Jocelyn Desjardins de Greenpeace reproche de plus au gouvernement Charest de ne pas avoir commandé une étude approfondie à la Régie de l'énergie pour connaître les besoins futurs du Québec en gaz naturel. Il estime lui aussi que le gouvernement a «cédé aux pressions» de groupe qui ont «historiquement toujours eu beaucoup d'influence» sur les gouvernements québécois.
Trois fois la demande du Québec
Si, comme cela semble maintenant inévitable, le gouvernement de Jean Charest donne son aval au projet Rabaska, le Québec se retrouvera théoriquement avec des sources d'approvisionnement en gaz naturel totalisant trois fois ses besoins actuels, si on inclut l'apport de l'Alberta, présentement le seul fournisseur.
Les deux projets de port méthanier de gaz naturel liquéfié (GNL), à Cacouna et Lévis, auront chacun des capacités quotidiennes tournant autour de 500 millions de pieds cubes, produisant chacun autant de gaz naturel que nous en fournit l'Alberta.
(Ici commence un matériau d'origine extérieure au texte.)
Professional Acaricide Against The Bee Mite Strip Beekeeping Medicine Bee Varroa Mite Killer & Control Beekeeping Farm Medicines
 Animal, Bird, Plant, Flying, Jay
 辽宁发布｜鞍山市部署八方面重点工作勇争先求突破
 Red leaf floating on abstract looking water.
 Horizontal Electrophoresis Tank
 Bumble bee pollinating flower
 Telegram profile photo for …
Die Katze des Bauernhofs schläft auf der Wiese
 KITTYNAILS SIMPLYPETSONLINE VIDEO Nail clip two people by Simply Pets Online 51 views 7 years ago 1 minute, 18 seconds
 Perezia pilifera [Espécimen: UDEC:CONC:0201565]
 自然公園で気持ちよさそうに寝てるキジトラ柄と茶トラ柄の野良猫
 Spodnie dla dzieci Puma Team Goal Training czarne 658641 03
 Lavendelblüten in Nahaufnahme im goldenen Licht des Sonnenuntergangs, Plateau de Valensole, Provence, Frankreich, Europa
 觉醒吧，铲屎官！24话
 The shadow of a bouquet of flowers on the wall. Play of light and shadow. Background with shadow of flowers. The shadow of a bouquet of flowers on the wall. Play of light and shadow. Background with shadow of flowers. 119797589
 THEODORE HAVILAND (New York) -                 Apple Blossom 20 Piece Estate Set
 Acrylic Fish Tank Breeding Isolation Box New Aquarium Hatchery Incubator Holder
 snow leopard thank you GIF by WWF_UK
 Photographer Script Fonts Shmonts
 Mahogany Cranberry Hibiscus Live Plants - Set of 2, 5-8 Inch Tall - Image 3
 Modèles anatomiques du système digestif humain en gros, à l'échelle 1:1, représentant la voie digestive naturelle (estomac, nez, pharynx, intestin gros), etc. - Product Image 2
Pour Tom Mulcair, l'ancien ministre de l'Environnement du Québec et maintenant député néo-démocrate, dont l'opposition au port méthanier de Rabaska lui a valu d'être évincé de son poste (avec le dossier d'Orford), la réponse est claire.
«Il est clair que Rabaska est pour approvisionner le marché du Nord- Est américain, et rien d'autre.» Et cela se fait, ajoute-t-il, aux dépens d'un principe central de la loi sur le développement durable, dont il est l'instigateur, celui d'obtenir un appui du milieu.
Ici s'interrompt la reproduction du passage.